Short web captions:
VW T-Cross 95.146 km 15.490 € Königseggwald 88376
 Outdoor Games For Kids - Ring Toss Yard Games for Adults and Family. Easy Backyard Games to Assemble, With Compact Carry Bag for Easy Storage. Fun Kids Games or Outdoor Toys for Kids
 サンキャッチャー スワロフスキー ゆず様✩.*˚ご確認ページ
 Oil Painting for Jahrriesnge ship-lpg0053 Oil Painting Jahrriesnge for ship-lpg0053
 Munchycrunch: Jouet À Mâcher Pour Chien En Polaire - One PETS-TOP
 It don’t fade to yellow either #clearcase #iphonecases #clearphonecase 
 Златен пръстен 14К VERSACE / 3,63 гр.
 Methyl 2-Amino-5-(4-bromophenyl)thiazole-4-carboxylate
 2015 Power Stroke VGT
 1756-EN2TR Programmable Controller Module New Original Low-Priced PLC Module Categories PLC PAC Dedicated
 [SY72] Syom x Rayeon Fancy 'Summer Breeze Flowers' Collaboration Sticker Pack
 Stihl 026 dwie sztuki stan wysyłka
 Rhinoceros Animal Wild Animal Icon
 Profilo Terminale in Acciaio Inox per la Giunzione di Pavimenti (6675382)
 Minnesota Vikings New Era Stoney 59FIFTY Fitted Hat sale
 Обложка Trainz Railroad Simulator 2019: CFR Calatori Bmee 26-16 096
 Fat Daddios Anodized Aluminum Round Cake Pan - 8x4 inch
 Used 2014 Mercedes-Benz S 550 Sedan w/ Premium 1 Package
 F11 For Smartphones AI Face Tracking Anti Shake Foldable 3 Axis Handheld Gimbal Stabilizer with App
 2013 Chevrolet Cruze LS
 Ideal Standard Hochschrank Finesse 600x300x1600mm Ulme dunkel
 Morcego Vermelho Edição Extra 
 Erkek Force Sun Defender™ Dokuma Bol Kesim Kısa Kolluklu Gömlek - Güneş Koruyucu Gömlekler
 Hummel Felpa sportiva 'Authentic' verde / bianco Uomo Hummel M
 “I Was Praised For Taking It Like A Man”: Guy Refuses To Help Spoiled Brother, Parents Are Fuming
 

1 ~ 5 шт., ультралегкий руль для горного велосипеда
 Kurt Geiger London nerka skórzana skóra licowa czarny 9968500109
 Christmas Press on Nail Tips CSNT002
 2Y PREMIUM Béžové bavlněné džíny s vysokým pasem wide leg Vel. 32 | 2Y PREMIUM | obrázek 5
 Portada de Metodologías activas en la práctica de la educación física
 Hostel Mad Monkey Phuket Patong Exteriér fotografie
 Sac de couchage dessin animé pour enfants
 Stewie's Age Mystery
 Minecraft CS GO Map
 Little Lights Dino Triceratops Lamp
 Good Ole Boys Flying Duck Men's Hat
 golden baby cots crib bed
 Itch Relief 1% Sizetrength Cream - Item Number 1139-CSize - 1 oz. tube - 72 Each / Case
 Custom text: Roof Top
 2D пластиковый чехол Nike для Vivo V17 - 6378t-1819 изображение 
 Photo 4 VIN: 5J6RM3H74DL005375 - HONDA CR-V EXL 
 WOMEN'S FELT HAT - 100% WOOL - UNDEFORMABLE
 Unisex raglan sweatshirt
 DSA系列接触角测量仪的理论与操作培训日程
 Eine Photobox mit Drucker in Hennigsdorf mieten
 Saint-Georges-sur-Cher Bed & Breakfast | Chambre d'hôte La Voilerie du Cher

Exercise brief: In the entries above, find the line with "サンキャッチャー スワロフスキー ゆず様✩.*˚ご確認ページ" and the line with "2013 Chevrolet Cruze LS", then restate word for word both of them and every line between, with nothing more.

Answer to this problem:
 サンキャッチャー スワロフスキー ゆず様✩.*˚ご確認ページ
 Oil Painting for Jahrriesnge ship-lpg0053 Oil Painting Jahrriesnge for ship-lpg0053
 Munchycrunch: Jouet À Mâcher Pour Chien En Polaire - One PETS-TOP
 It don’t fade to yellow either #clearcase #iphonecases #clearphonecase 
 Златен пръстен 14К VERSACE / 3,63 гр.
 Methyl 2-Amino-5-(4-bromophenyl)thiazole-4-carboxylate
 2015 Power Stroke VGT
 1756-EN2TR Programmable Controller Module New Original Low-Priced PLC Module Categories PLC PAC Dedicated
 [SY72] Syom x Rayeon Fancy 'Summer Breeze Flowers' Collaboration Sticker Pack
 Stihl 026 dwie sztuki stan wysyłka
 Rhinoceros Animal Wild Animal Icon
 Profilo Terminale in Acciaio Inox per la Giunzione di Pavimenti (6675382)
 Minnesota Vikings New Era Stoney 59FIFTY Fitted Hat sale
 Обложка Trainz Railroad Simulator 2019: CFR Calatori Bmee 26-16 096
 Fat Daddios Anodized Aluminum Round Cake Pan - 8x4 inch
 Used 2014 Mercedes-Benz S 550 Sedan w/ Premium 1 Package
 F11 For Smartphones AI Face Tracking Anti Shake Foldable 3 Axis Handheld Gimbal Stabilizer with App
 2013 Chevrolet Cruze LS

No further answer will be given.